Niklas Luhmann stressed that a fundamental feature of social systems is their operational closure. This means at least two interrelated and salient things. First, social systems (such as the law, or the mass media as Luhmann broadly imagined it at the time) constitute and operate on their own internal elements and by way of their own constitutive distinctions (e.g., legal/illegal). Second, they maintain and adapt themselves by finding within their given state a “move” consistent with their functional capacities. For example, while the legal system is constrained by the distinction legal/illegal, it does not aim at producing the outcomes for which this distinction has been established (e.g., justice, fairness, efficiency, etc.); rather, it reproduces itself by finding in each case a way forward consistent with this distinction. It will adapt when it confronts ambiguous cases, adjusting its internal resources accordingly. This is why we routinely see systems produce outcomes we regard as perversions—results that facilitate the operation of the system and the reinscription of its fundamental distinctions that fly in the face of the aims those distinctions were initially meant to facilitate (see Kafka).
The point not to be missed is that a system needs to be able to carry out the next operation, and that this requirement necessarily overrides the goals for which the system was established. In the case of the news media, it is generally assumed that its social function is to inform the public concerning the operation of other social systems, especially the political and economic ones. But insofar as the news media is itself an autonomous system, its rudimentary requirement is to reproduce the conditions of its own continuous operation.
One of the overlooked implications of all this is that there may be an elective affinity between the systemic requirement to generate the next operation and certain media genres. If print tends to converge with narrative, broadcast media may converge with soap opera. (Rather than, as John Ellis has provocatively suggested, with the inherently segmental structure of the commercial spot.) From this perspective, it would be no accident that radio gained commercial traction by means of soaps. Nor would so much “trash” daytime television be merely filler until “prime time.” On the contrary, the distinguishing feature of soaps—present, as Ellis emphasizes, in series and serial formats—is the abdication of narrative development in favor of an endlessly extensible series of twists, turns and repetitions.

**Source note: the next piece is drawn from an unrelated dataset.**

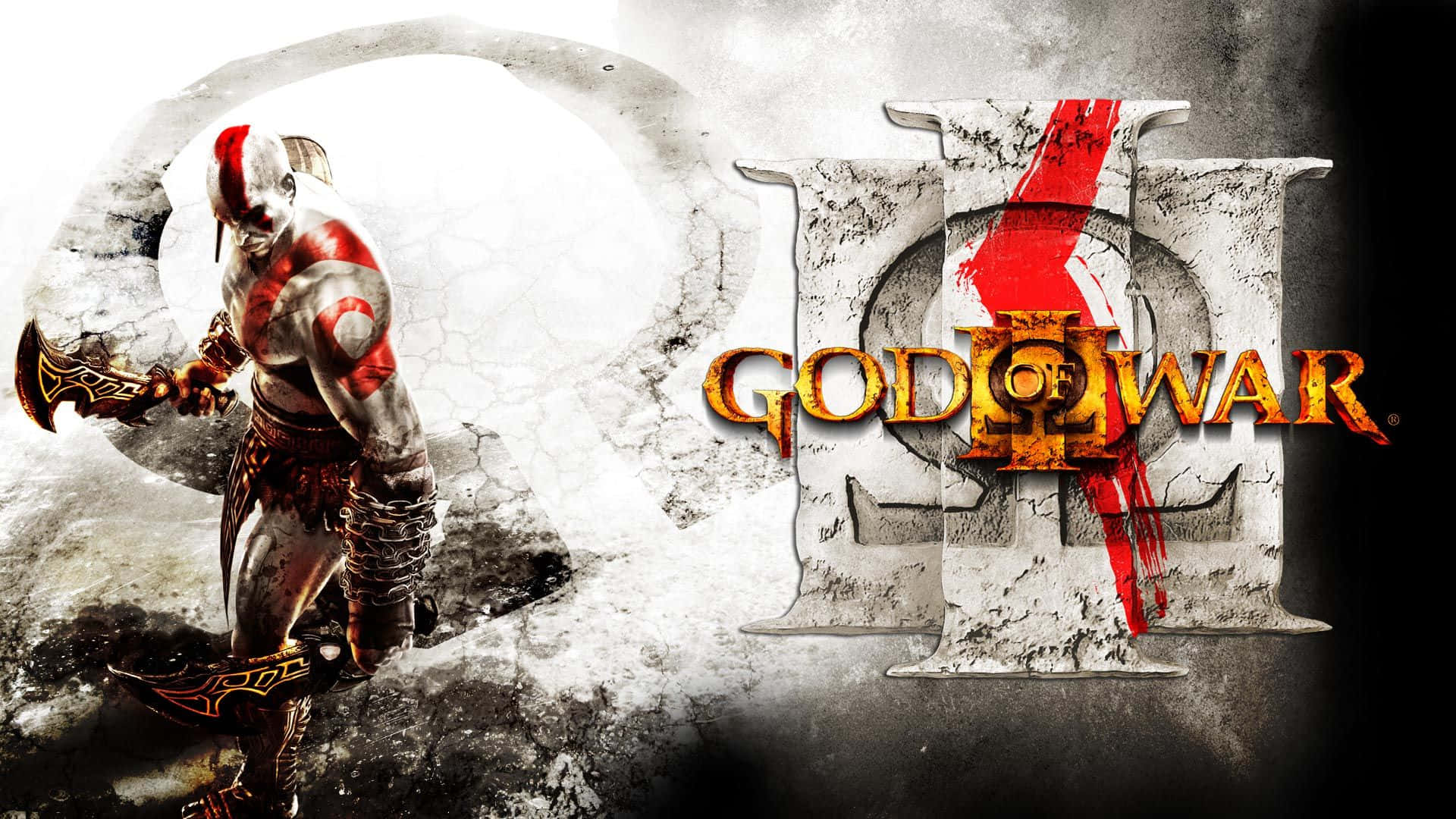 Kratos battling the Titans in "God of War III" Wallpaper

Here, broadcast media establish the freedom to find the next operation without being significantly restricted by the preceding one.

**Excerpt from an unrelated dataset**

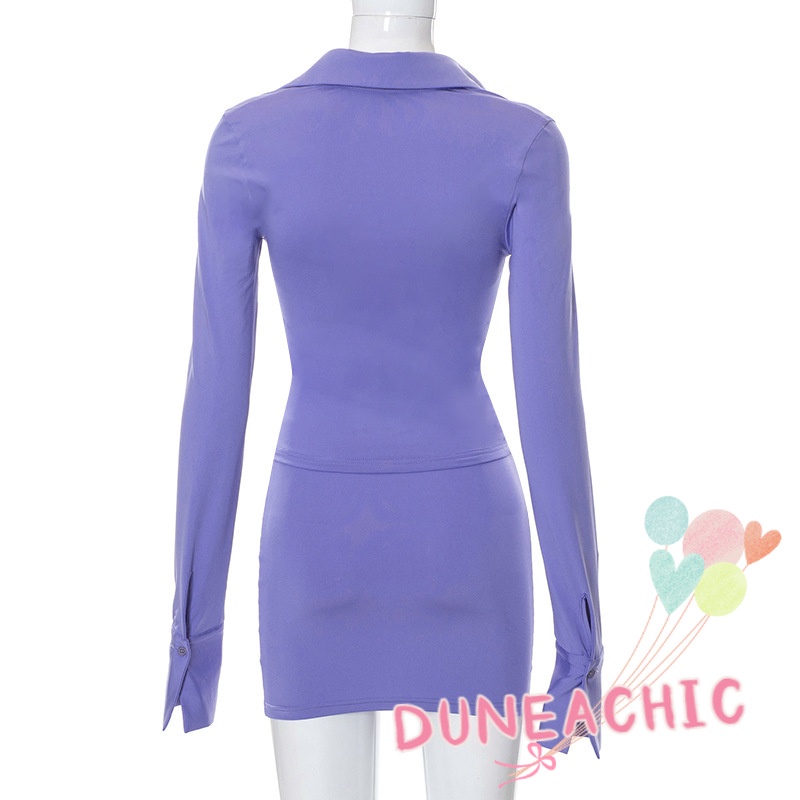 DUNEA Bộ Áo Polo Dài Tay + Chân Váy Xinh Xắn Dành Cho Nữ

And with this, we can begin to discern the distinctive contribution of Trump, especially in his obsessive use of Twitter. While the received wisdom of political strategists is predicated on the narrative logic of news cycles, Trump has taken note of the contingency of this relationship. It turns out that narrative form is imposed on the news media by a certain formal (that is, aesthetic or rhetorical) ideology embedded in journalism. But the “native” structure of news much more closely resembles that of the soap. Hence Trump’s approach is to feed the system’s most fundamental needs directly. Rather than craft and manage a narrative, he provides an endless barrage of tweets, each of which serves as fodder for formulaic coverage that, over time, does not cohere into a narrative at all—yet moment to moment, ensures that the news media are not only discussing Trump but doing so in accordance with their own self-imposed genre conventions. Each bit of “news,” each scandalous or bizarre statement, each apparent faux pas or blunder is taken up as an object of expert commentary that accords it more weight and invests it with more meaning than it otherwise possesses. Rather than dismiss or disparage Trump’s tweets as the absurdities they are (or could be seen to be), the standard protocols of news production transform them into genuine political discourse—only to move on to the next item the next day.